I eagerly signed up for the Biki when it launched and opted for the Free Spirit Plan, which provided me 300 minutes of bike use at my leisure.  Initially, I was curious to see how I could add cycling into my daily life. Don’t get me wrong, I love driving my 2013 Honda Civic, but I have lots of issues with Honolulu’s regular gridlock and the ever-challenging parking lot shuffle. I thought Biki would be a convenient way to travel short distances while getting some much-needed exercise.

Six months after I began my experiment with Biki, it’s become my primary means of transportation to and from work. On most weekday mornings, my commute begins with a five-minute walk to one of the three Biki stations around Thomas Square. I use the GPS-enabled Biki app on my phone to get an access code and unlock a bike. After unlocking the bike and adjusting the seat, I begin my short bike ride down the King St. protected bike lane to a Biki station near work. The whole trip takes me about 15 to 20 minutes from door to door. I’ve even used Biki to meet up with friends in Waikiki, Kakaako, and Chinatown. I don’t have to deal with traffic or parking, only a bit of perspiration.

I’ve come to appreciate the burst of physical activity in the morning. It helps wake me up and prepares me for the work day by getting my blood flowing and elevating my heart rate. I’ve noticed subtle changes like feeling more energetic, alert, and not automatically opting for that morning cup of coffee when I get to work. Plus, the morning and afternoon physical activity have been a nice compliment to my renewed efforts at the gym.

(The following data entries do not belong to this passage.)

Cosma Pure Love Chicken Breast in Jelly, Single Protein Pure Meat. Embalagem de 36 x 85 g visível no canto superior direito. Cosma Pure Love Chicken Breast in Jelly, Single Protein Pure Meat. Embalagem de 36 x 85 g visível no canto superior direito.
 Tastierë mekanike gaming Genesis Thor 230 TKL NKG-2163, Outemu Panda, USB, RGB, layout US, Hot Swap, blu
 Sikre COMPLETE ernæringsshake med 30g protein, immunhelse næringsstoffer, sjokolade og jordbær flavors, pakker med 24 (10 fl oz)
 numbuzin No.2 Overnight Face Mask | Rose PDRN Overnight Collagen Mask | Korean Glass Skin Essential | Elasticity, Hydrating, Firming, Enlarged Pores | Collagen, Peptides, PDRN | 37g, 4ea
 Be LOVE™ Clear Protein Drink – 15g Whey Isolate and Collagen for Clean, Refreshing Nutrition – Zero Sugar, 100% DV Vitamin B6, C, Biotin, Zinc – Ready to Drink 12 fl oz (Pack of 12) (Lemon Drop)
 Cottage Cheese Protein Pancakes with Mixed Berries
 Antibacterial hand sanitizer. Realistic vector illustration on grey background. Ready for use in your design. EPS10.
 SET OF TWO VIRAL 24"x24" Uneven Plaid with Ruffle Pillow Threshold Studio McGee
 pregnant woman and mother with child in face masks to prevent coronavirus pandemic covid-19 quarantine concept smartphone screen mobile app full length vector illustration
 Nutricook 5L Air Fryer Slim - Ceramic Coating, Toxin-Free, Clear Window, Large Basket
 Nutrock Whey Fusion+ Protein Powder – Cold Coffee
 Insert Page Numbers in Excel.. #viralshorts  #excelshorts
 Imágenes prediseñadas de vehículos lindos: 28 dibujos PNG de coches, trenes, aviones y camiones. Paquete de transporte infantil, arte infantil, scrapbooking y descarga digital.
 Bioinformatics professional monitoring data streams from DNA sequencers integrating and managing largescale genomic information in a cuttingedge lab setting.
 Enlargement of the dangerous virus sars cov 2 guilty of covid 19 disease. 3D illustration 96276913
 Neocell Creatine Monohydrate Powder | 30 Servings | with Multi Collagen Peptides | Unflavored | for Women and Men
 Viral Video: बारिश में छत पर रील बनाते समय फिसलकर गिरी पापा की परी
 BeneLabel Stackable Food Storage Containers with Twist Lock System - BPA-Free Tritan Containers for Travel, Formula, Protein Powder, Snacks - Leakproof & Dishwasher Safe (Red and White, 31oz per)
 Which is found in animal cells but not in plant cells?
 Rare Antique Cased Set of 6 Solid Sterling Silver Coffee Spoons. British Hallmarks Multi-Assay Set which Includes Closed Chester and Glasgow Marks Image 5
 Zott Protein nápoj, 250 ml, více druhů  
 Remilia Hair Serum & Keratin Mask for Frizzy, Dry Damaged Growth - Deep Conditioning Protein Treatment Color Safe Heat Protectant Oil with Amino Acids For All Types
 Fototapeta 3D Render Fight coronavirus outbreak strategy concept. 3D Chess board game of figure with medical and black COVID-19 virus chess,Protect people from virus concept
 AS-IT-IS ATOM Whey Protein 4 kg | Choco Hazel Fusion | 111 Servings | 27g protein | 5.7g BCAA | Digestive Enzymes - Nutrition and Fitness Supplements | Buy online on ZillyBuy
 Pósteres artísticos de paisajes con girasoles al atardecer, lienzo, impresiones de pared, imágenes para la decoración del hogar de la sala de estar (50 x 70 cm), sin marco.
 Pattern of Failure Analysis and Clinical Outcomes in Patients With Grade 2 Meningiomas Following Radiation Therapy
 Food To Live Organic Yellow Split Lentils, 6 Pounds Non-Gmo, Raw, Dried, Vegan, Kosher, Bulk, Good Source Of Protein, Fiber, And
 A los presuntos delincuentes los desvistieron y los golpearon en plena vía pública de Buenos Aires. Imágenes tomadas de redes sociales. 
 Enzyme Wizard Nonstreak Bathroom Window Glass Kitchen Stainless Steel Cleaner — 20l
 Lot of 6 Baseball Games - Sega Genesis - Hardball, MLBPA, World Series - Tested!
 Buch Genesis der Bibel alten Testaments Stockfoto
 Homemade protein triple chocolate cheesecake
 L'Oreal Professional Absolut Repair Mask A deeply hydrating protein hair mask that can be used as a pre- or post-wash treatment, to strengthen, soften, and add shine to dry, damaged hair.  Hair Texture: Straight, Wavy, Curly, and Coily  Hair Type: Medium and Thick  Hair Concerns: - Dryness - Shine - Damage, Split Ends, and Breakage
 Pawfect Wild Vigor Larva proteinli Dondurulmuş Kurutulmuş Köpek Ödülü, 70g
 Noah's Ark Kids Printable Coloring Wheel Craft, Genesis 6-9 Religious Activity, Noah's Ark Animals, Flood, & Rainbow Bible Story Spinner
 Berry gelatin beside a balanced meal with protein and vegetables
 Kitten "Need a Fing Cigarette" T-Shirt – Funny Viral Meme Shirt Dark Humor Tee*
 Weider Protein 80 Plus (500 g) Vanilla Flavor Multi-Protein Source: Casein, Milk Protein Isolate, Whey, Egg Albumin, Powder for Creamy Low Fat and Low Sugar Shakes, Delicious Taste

Honolulu streets are busy and dangerous. Making use of Biki, like walking or driving, requires caution and conscientiousness. I’ve had my share of close calls with cars and pedestrians alike, so a helmet is definitely recommended for added safety. If you’re curious about giving Biki a try or looking for a way to fit more physical activity into your routine and traffic is gridlocked — try hopping on a Biki bike! It’s an easy and convenient way to get around town.